We will all die. This is one of life’s universal truths.
The important part and point of this blog is this - how will we be remembered when we do?
It’s a question that came to mind after the recent passing of NBA head coach Flip Saunders to Hodgkins’ lymphoma. Whether you are an ardent fan of the game or a more casual one, Saunders always seemed like a nice, approachable person.
As Lakers coach Byron Scott said, “He was one of those guys that made you feel like you had known him for a while, even if it was only 15 minutes.”
Though he had a common man quality to him, Saunders was far from ordinary. He inspired. He led. And he touched those he came in contact with.
This became apparent after the Timberwolves first heard word of his death during a pre-season practice last month. What happened next has been well-chronicled in the media. A devastated Kevin Garnett left the floor, walked to the parking garage and sat down in Saunders’ parking spot. A photo of that moment – Garnett’s back to the camera – was posted on the NBA forward’s Facebook page with these four words: “Forever in my heart....”
Of course others took to social media to remember Saunders, who also served as the Timberwolves’ president of basketball operations. They described him as a kind man, a great coach and an even better person.
“He believed in me and taught me what it takes to be a good player and a better man,” the Wizards’ John Wall wrote on his Instagram page.
The Cavaliers Kevin Love, who played for Saunders in Minnesota, said the coach was a “great basketball mind and even better human being. You had a great impact on my life personally and professionally.”
And forward Thaddeus Young of the Nets tweeted that Saunders had a passion for his players.

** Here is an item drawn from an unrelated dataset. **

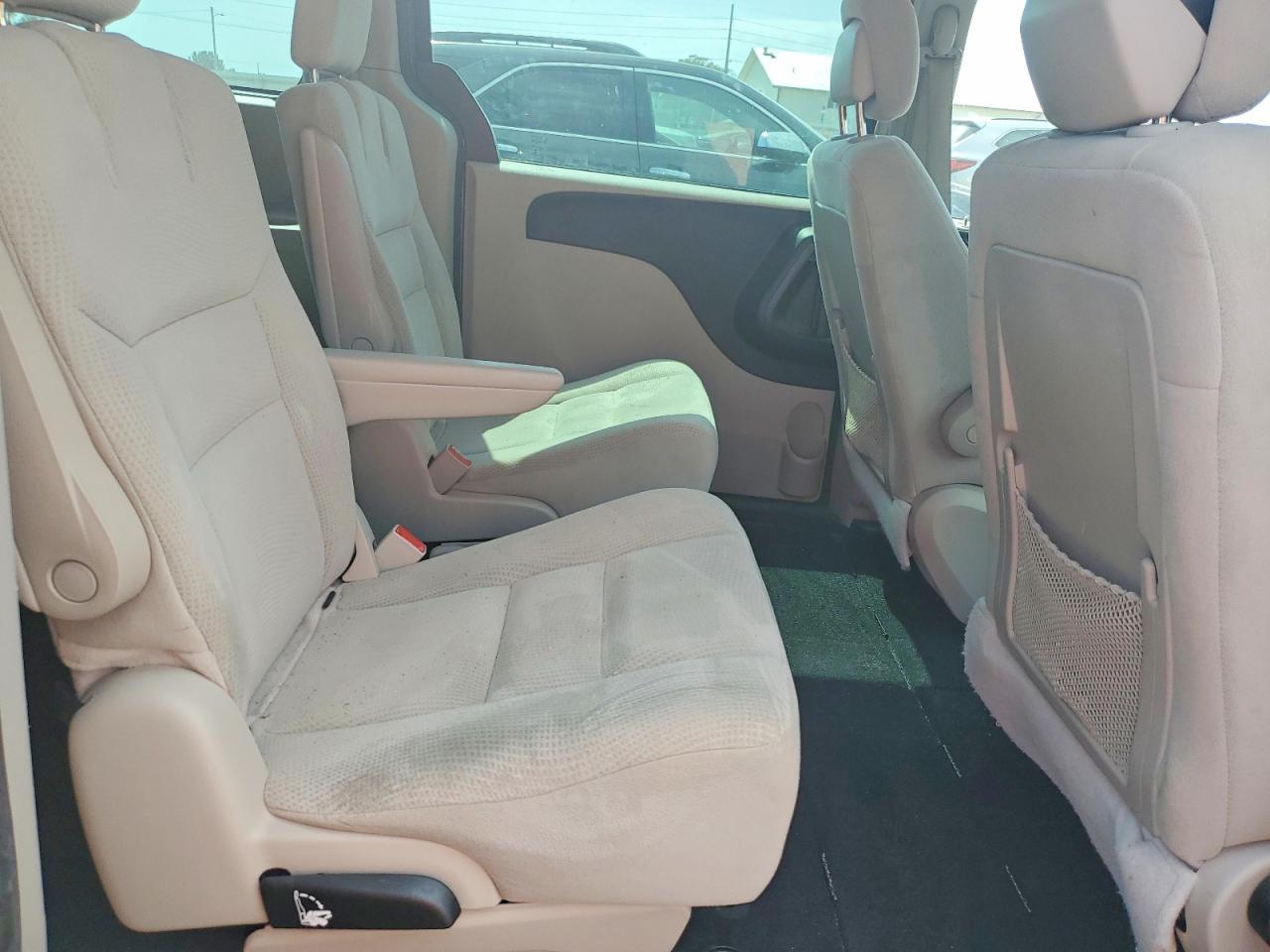 2016 Dodge Grand Caravan Se - zdjęcie 11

Of course, there were tributes to Saunders prior to the Timberwolves first game against the Lakers. Both teams wore shirts (the Lakers wearing “Flip” on their warm-ups; the Timberwolves “WE” on theirs) and the Timberwolves had a patch on their jerseys to express their feelings towards a man who not only believed in others, but taught them to believe in themselves.
In doing so, Saunders left the world a much better place.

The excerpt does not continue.